O roubo de cargas continua sendo um dos maiores desafios logísticos do Brasil, e suas consequências vão muito além do valor financeiro das mercadorias subtraídas. Segundo dados consolidados da Associação Nacional do Transporte de Cargas e Logística (NTC&Logística), o país registrou mais de 10 mil ocorrências em 2024, com prejuízos estimados em R$ 1,2 bilhão. Apenas no primeiro semestre de 2025, os roubos aumentaram 24,8% em relação ao mesmo período do ano anterior.
Esse cenário afeta toda a cadeia logística, atingindo transportadores, embarcadores, seguradoras e, indiretamente, o próprio consumidor. O roubo de cargas é, na prática, um ataque sistêmico à eficiência do transporte rodoviário, responsável por mais de 60% da movimentação de bens no país, de acordo com a Confederação Nacional do Transporte (CNT). Quando um caminhão é interceptado, o dano ultrapassa o valor da carga: ele interrompe fluxos, gera custos adicionais e desestrutura toda uma cadeia.
Impactos operacionais e econômicos
Entre os efeitos imediatos está a necessidade de contratar transporte emergencial para substituir o veículo roubado e garantir o cumprimento de prazos.
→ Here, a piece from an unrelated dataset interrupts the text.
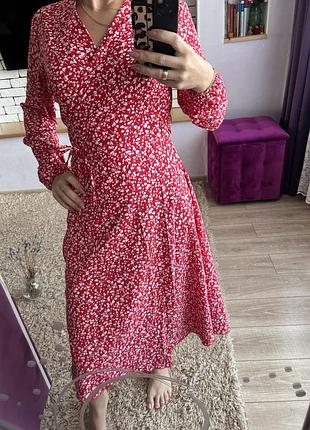 Сукня на запах.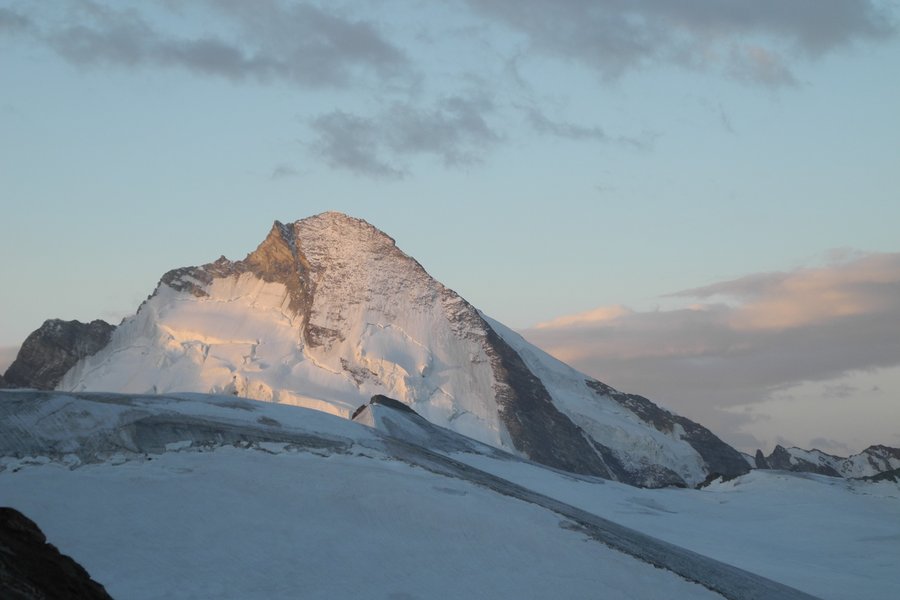 Dent Blanche 4357 m Dent Blanche 4357 m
Além disso, há o retrabalho na cadeia de suprimentos, interrupção de entregas, atrasos na produção — especialmente quando a carga roubada consiste em um insumo industrial — e, em casos mais graves, cancelamento de contratos ou perda de clientes estratégicos. A consequência é uma espiral de custos que reverbera em toda a operação.
Esses impactos ajudam a explicar por que o custo logístico no Brasil representa cerca de 12% do Produto Interno Bruto (PIB), segundo a CNT — uma proporção significativamente superior à de países com estruturas mais seguras e eficientes, como os Estados Unidos (8%) e a Alemanha (7%). A diferença reflete não apenas fatores de infraestrutura, mas também o peso das perdas com criminalidade, o custo de seguros e as medidas adicionais de mitigação que as empresas precisam adotar.
Perdas intangíveis e desgaste institucional
O problema também atinge dimensões intangíveis. Há a perda de confiança de clientes e parceiros, que passam a exigir cláusulas de segurança mais rigorosas e a rever acordos comerciais. A imagem de transportadoras e embarcadores pode ser abalada, especialmente quando os incidentes ganham repercussão pública.
Além disso, surgem processos judiciais, regulações de sinistros complexas e sindicâncias prolongadas, que consomem tempo e recursos das empresas.
O setor de seguros sente o impacto direto dessa instabilidade. De acordo com a Confederação Nacional das Seguradoras (CNSeg), o aumento da frequência e da severidade dos sinistros fez com que os prêmios médios de seguro de transporte subissem cerca de 18% entre 2022 e 2024. Em alguns casos, as seguradoras negam cobertura ou exigem apólices mais caras e específicas para determinadas rotas. Como reflexo, as transportadoras precisam investir mais em escoltas e tecnologias de monitoramento, elevando novamente o custo operacional.
O impacto humano e social
Outro componente frequentemente negligenciado é o impacto humano. O roubo de cargas coloca motoristas e equipes em risco físico constante. Situações de sequestro e violência geram estresse, afastamentos por trauma e aumento do turnover entre profissionais experientes.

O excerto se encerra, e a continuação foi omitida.